УТРЕННЕЕ АССОРТИ 301113


Ночное окно. Люблю это время, оно подаренное нам, ни обязанностей, ни угрызений совести, как днем — что-то забыл, что-то не выполнил вовремя… Имеешь право никого не слушать, ничего не знать, и даже отбиваться нет необходимости, право на сон как право на сортир, не отрицается и не обсуждается: хочешь — спи, не хочешь — смотри в окно…
………………………….

Есть определенное(неопределенное то есть) неудобство внутри за этот вид, Сезанн бы меня не простил… Да ладно уж, я так, между прочим, как будто выпил, а пьяному море по колено… Думаю, что зрителю это безразлично, почему Сезанн, почему по колено…
……………………………

Совсем это неправильно — если убрать одно единственное пятно, картинки не будет. Вообще-то правильно, Сезанн за каждое пятно отвечал, и не так, как Караулов за каждое слово, а всерьез… Неправильно то, что кто-то один берет на себя всю ответственность… Впрочем, тоже разговор пустой, пусть себе висит…
………………………….

На лестнице разговор. Вообще-то это отходы, бумажные вырезки, по которым сделал серию досок, как бы разделочных, на черном фоне… Как бы потому что никогда их не делал правильно, как нечто прикладное, а просто писал картинки, и доски иногда попадались настоящие, не фанерные…
………………………………..

Оттепель в январе, а может в феврале… Не люблю пейзажи, так, случайно получилось. Но над снегом и вообще… много пытался, боролся… Сейчас — приемлемо, и не более того.
………………………………

Потерялась перчатка. Старая. Читал такое стихотворение, вернее, одну строчку запомнил. Поэт Пуханов. Вообще-то я в его стихах спотыкаюсь, они искренние, но часто нарочито неуклюжие, Я понимаю — ненарочито трудно, но одна строчка у него без сомнения хорошо получилась. Я не критик, так, просто мнение, при моей неосведомленности, если одну нашел, значит еще есть… Хотя не обязательно… Ну, не знаю… А перчатка старая, лежит давно, про стих я тогда не знал…
………………………………

Смотрю из окна. На самом же деле смотрю из глазниц. Как из бойниц. Окружающая жизнь не нравится мне. Давно. Но из глазниц смотреть не страшно, я защищен.
……………………………………..

Моя подруга Туся.
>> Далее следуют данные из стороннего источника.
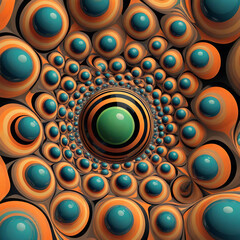 Fototapeta premium A fascinating example of optical and fractal art, with optical illusions. It features two prominent multi-colored concentric circles that create the illusion of three-dimensional spheres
Квадратик реальности наверху оставил, как напоминание, что мы с ней не вдвоем были-жили, а кругом был мир, который нас знать не хотел, и мы его в гробу видали… А получилось не так — Туси нет, и я скоро за ней уйду.
…………………………………….

Рисунок на бумаге… потом через двойной экран, двойную оптику… Про него не знаю, а если вообще говорить — хороший рисунок, холст, выдержат любую оптику, и что-то свое в самой плохой репродукции донесут.
…………………………………….

Русалка в плену у щелкальщиков семечек, у лайкающих невежеств, в диком бутылочном мире… это реальность. Человечество давно разделилось, но не по расовым-национальным-государственным признакам — по другим. Но это слишком большой разговор.
………………………………………

Фотографии сто лет. Петербург. Через год война, он погибнет, а она проживет девяносто лет и в старости спросит меня — «отчего этот мир так жесток?»   Ничего ответить ей не мог.
…………………………………

На очень фактурной ткани, мешке из-под картофеля. Когда хочется писать, и на газетной бумаге маслом будешь.
…………………………………….

Перед дорогой кот. Один такой зверь шел ко мне два месяца, и пришел. Что ему помогло -он не помнил вчерашние усилия, не боялся — просто шел как жил. Просто шел, так было нужно. Простые мысли сильней изощренных доказательств. Простые чувства интересней всего. Но искренность падчерица нашего времени… Оно для изощренных объяснений. Иногда читаешь, ни слова не понять. Но красиво пишут. Объясняют мерзость, и так умно!.. Последний раз читал о книге про пропившего глобус географа. Книгу не читал, но посмотрел, пару страниц пробежал… Написано местами очень хорошо… когда автор отвлекается от лиц, смотрит на природу, например. Но в целом умение не спасает. Я просто устроен, не люблю мерзость. Только мнение, конечно, а что здесь в ЖЖ еще может быть… Да, читал Эдичку Лимонова, не люблю я всего этого, но виден там и талант и живое чувство, они там есть. А здесь, в географе… и сотой доли этого нет, выпил, пропил, и все дела… Всего доброго, удачи всем!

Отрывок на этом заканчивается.